Каждой клеткой чувствовала волны исходящей из неё ненависти, порождённой…
– О-па! А ведь она меня боится! – в голове замелькали новые открытия и догадки, – Ума не дам, чем Лира могла так напугать старуху. Да-да-да… Необходимость возвращать часть средств, оставленных родственниками на содержание (во что я, кстати, не очень-то верю) и перспектива лишиться "курицы, несущей золотые яйца" – слишком уж неубедительные причины для подобного отношения и поведения. Мотивчик, как говорится, слабоват. А бабка ведь и в самом деле, будь в её силах, испепелила бы меня взглядом прям на этом месте и прям с вот этим ковриком.
Из вороха размышлений напрашивалась одна версия, которую стоило проверить.

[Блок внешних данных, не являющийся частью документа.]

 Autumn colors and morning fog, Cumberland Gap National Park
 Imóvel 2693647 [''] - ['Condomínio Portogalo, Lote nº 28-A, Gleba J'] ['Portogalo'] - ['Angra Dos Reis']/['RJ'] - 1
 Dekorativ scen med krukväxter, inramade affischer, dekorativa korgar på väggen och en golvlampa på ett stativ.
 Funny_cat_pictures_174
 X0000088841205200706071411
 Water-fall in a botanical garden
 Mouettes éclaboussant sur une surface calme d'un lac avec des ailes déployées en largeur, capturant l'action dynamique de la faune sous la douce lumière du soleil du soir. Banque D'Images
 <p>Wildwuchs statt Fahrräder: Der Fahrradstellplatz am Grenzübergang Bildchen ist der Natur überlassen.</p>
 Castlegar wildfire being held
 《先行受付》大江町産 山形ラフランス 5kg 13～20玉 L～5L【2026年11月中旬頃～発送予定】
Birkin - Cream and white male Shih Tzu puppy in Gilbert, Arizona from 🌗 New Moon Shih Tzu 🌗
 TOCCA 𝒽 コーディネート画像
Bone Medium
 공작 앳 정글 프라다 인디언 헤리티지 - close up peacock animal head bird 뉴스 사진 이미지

– Мне рассказали, что ты не вполне здорова, Лира. Возможно, срок поста оказался слишком коротким и недостаточно строгим для полного исцеления, и имеется необходимость его продлить. Чтобы к великому празднику ты вернула духовные силы и смогла достойно принять в нём участие. Я прослежу, чтобы твоё затворничество было более… уединённым.
Мои опущенные долу глаза едва не вылезли из орбит от нарисовавшейся перспективы. То есть, это она сейчас прямо намекнула, что впереди карцер, скорее всего с запертой снаружи дверью и ещё больше урезанным рационом? Исключая из двух позиций половину, получается голая вода?
Если прямо сейчас ничего не придумать, чтобы остановить Тейлу в её стремлении угробить меня окончательно, то… это конец.
И я решила идти ва-банк, опираясь на сложившуюся собственную версию происходящего. Всё равно скрываться смысла не осталось – старухе донесли суть моего признания сестре Фреде, это очевидно. Могли ещё и своего добавить или переврать. Ладно, хуже уже не сделать. Просто некуда хуже-то.